Kauppakorkeakoulu | Rahoituksen laitos | Rahoitus | 2015
Tutkielman numero: 14215
Investment cash flow sensitivity still exists among private European companies. New evidence from Western Europe
|Otsikko:||Investment cash flow sensitivity still exists among private European companies. New evidence from Western Europe|
|Vuosi:||2015 Kieli: eng|
|Asiasanat:||rahoitus; financing; investoinnit; investment; kassavirta; cash flow|
|Avainsanat:||Investment cash flow sensitivity; financial constraints; financial crisis; external finance; asset tangibility; physical investment; cash flow financing|
OBJECTIVES OF THE STUDY:
Motivated by debates on investment-cash flow sensitivity, its relation to financial constraints and its documented decline globally, this study examines whether companies' capital expenditures are still sensitive to cash flows or whether the phenomena has disappeared and become economically insignificant as suggested by Chen and Chen (2012) among others. Furthermore, I examine whether there are differences in ICF sensitivity between companies more and less likely to be financially constrained by using several different measures as proxies for financial constraints. The paper contributes to existing literature by expanding the research to privately-owned companies compared to publicly listed companies in earlier studies.
DATA AND METHODOLOGY:
The sample for my tests uses annual data from 2005 to 2012 for European unlisted firms. To be consistent with previous literature, only firms from manufacturing industry are included. The sample companies have at least $1 million of total assets at least in one of the sample years. The companies are from so-called PIIGS countries or strongest euro zone economies, as I try to examine whether the strength of the economy and its' banking sector has contributed to the cash-flow dependency of investment. In the end, the sample consists of 10 336 firm-year observations from 1687 different companies. The empirical model follows Fazzari et al. (1988) as well as numerous other papers (see e.g. Ding et al. (2013) and Chen and Chen (2012)) Like earlier papers, I estimate all of the equations by using Generalized Method of Moments (GMM) approach with fixed effects model to control for time and company invariant effects.
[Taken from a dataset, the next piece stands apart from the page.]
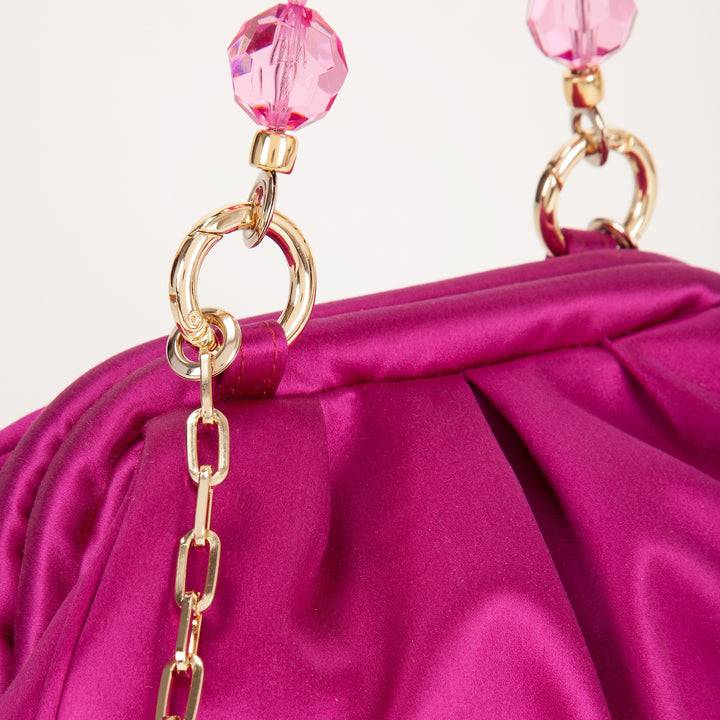 Roberta Gandolfi Sirenetta Puffy mini bag in raso di seta e manico gioiello Saldi Di Fabbrica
Lagged values of the regressors are used as instruments to control for the possible endogeneity of regressors.
FINDINGS OF THE STUDY:
Compatible to the recent findings in the literature, I find that ICF sensitivity has indeed become weaker compared to earlier results, but among privately-owned European companies, the ICF sensitivity is still existent and economically significant - especially among durable goods manufacturing companies. The ICF sensitivity also seems to correlate with key measures of financial constraints and the sensitivity appears to be stronger in PIIGS countries.